The task: Exactly copy the final stretch of the listing below: the line with "Aviation Part 4C00AC6" and every line after it.

◆ ◆ ◆

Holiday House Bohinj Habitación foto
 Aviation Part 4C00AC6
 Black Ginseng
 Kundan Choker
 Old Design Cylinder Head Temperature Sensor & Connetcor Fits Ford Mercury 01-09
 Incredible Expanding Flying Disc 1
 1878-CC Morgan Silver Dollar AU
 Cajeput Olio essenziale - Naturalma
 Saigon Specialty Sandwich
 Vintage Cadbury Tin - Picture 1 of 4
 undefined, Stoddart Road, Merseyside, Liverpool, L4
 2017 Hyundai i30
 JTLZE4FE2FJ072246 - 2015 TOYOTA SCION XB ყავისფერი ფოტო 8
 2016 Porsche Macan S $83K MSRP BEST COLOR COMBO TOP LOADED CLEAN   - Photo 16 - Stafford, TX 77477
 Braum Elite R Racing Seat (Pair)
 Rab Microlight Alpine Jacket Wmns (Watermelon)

◆ ◆ ◆

Response to the exercise:
 Aviation Part 4C00AC6
 Black Ginseng
 Kundan Choker
 Old Design Cylinder Head Temperature Sensor & Connetcor Fits Ford Mercury 01-09
 Incredible Expanding Flying Disc 1
 1878-CC Morgan Silver Dollar AU
 Cajeput Olio essenziale - Naturalma
 Saigon Specialty Sandwich
 Vintage Cadbury Tin - Picture 1 of 4
 undefined, Stoddart Road, Merseyside, Liverpool, L4
 2017 Hyundai i30
 JTLZE4FE2FJ072246 - 2015 TOYOTA SCION XB ყავისფერი ფოტო 8
 2016 Porsche Macan S $83K MSRP BEST COLOR COMBO TOP LOADED CLEAN   - Photo 16 - Stafford, TX 77477
 Braum Elite R Racing Seat (Pair)
 Rab Microlight Alpine Jacket Wmns (Watermelon)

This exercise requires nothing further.